## [Scraped caption text data]
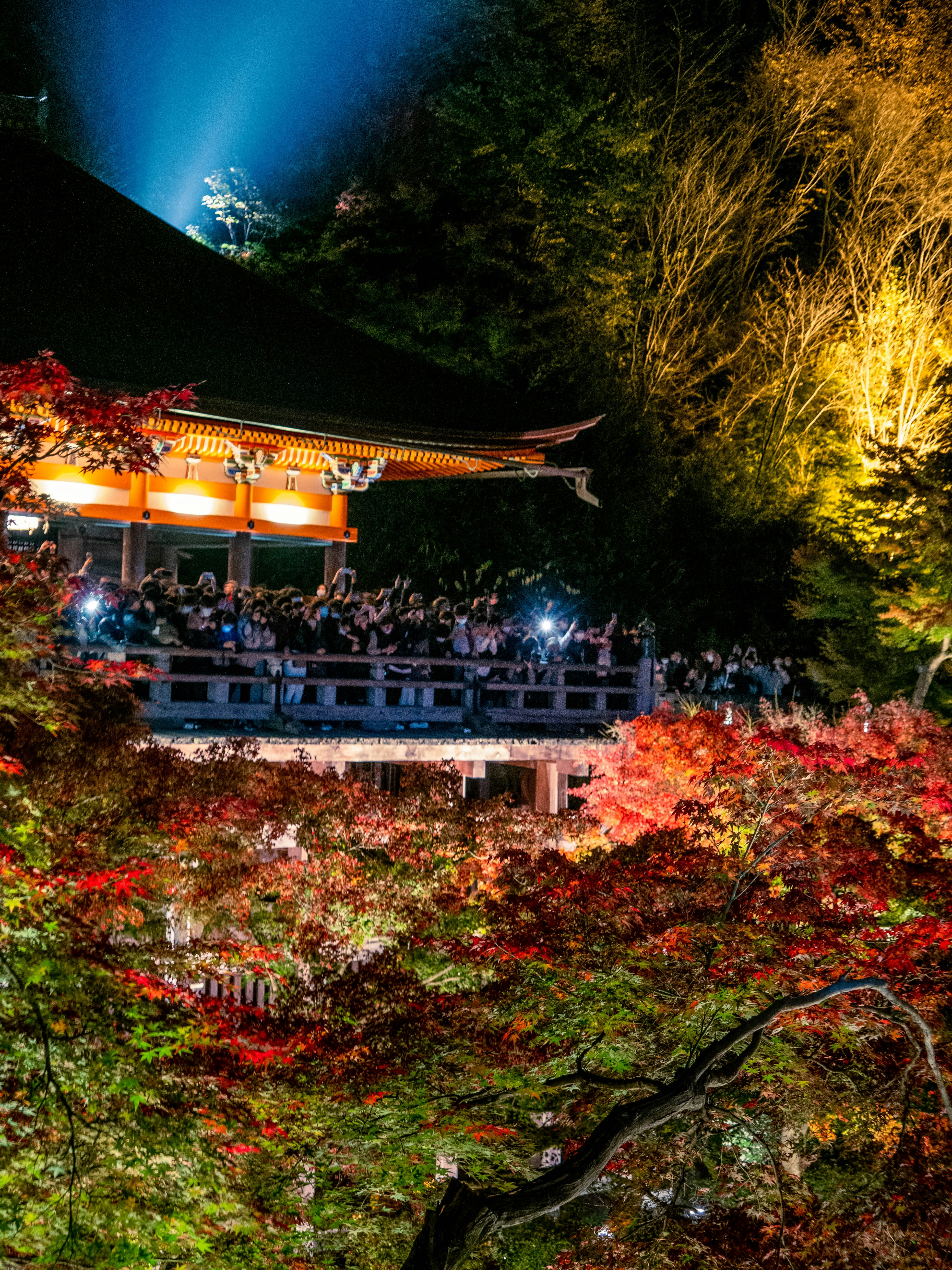 Photo by shellingfordyu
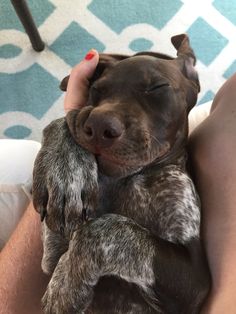 a person holding a brown and white dog in their lap with his eyes closed while he sleeps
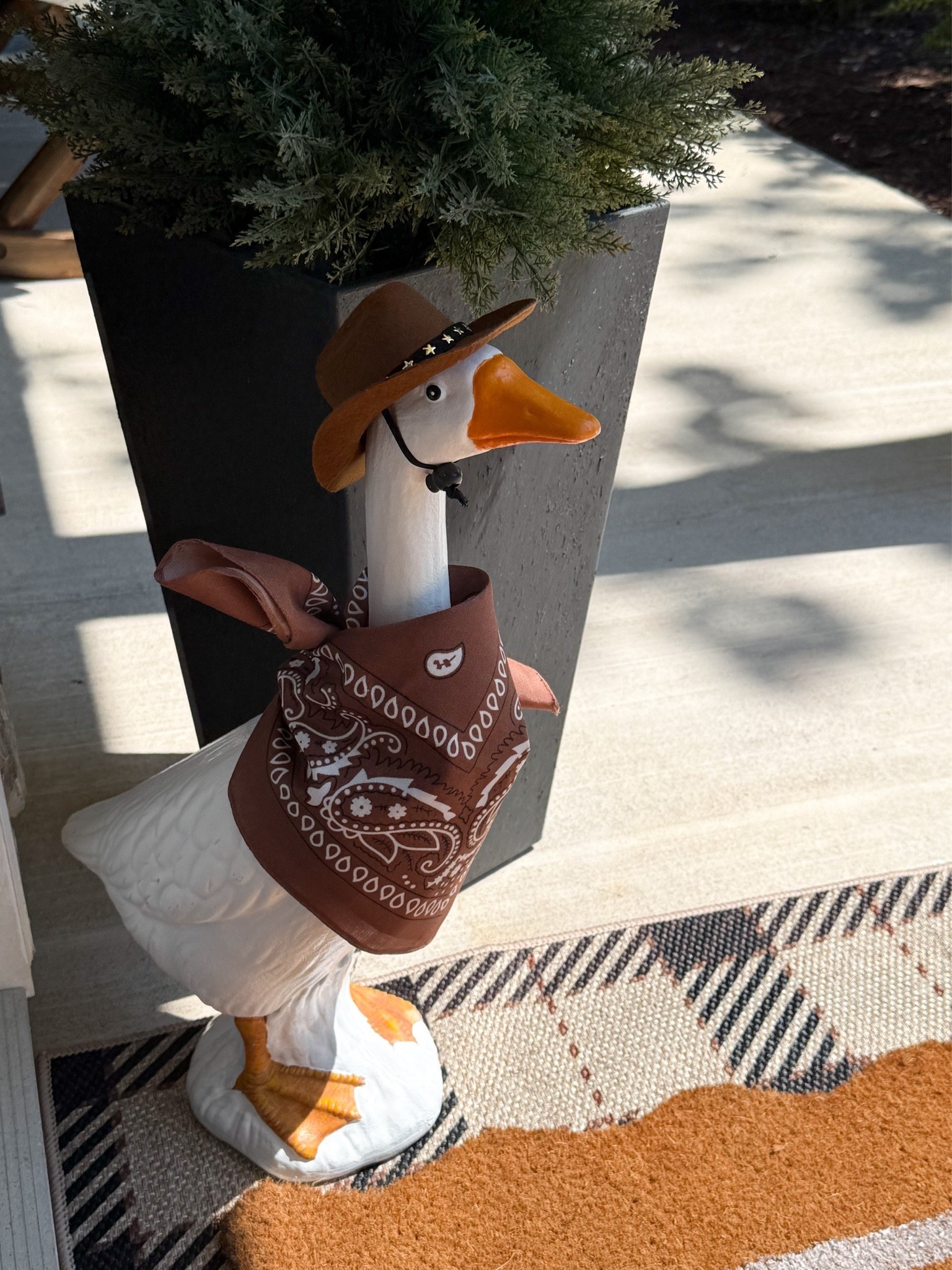 Donald got a new giddy up! 🤠

#LTKHome #LTKSeasonal #LTKSaleAlert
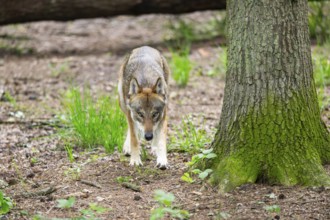 Eurasian wolf (Canis lupus lupus) walking in a forest, Hesse, Germany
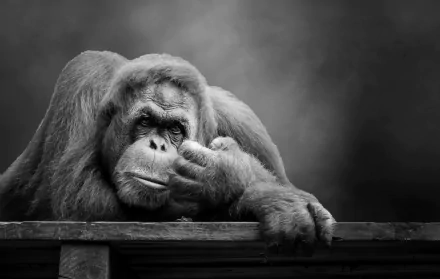 Animal Orangutan HD Desktop Wallpaper | Background Image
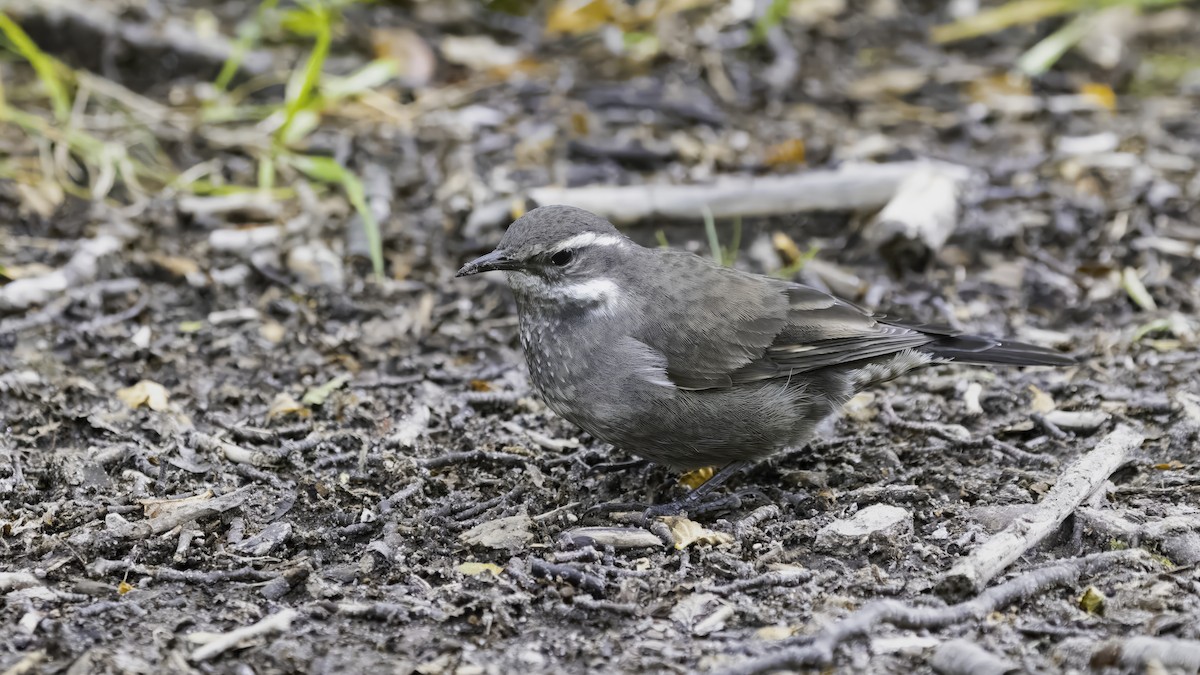 Dark-bellied Cinclodes - ML642739741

## [Exercise requirements]
Word for word, set down every line of the records above, and leave the pictures out.

## [Exercise response]
 Photo by shellingfordyu
 a person holding a brown and white dog in their lap with his eyes closed while he sleeps
 Donald got a new giddy up! 🤠

#LTKHome #LTKSeasonal #LTKSaleAlert
 Eurasian wolf (Canis lupus lupus) walking in a forest, Hesse, Germany
 Animal Orangutan HD Desktop Wallpaper | Background Image
 Dark-bellied Cinclodes - ML642739741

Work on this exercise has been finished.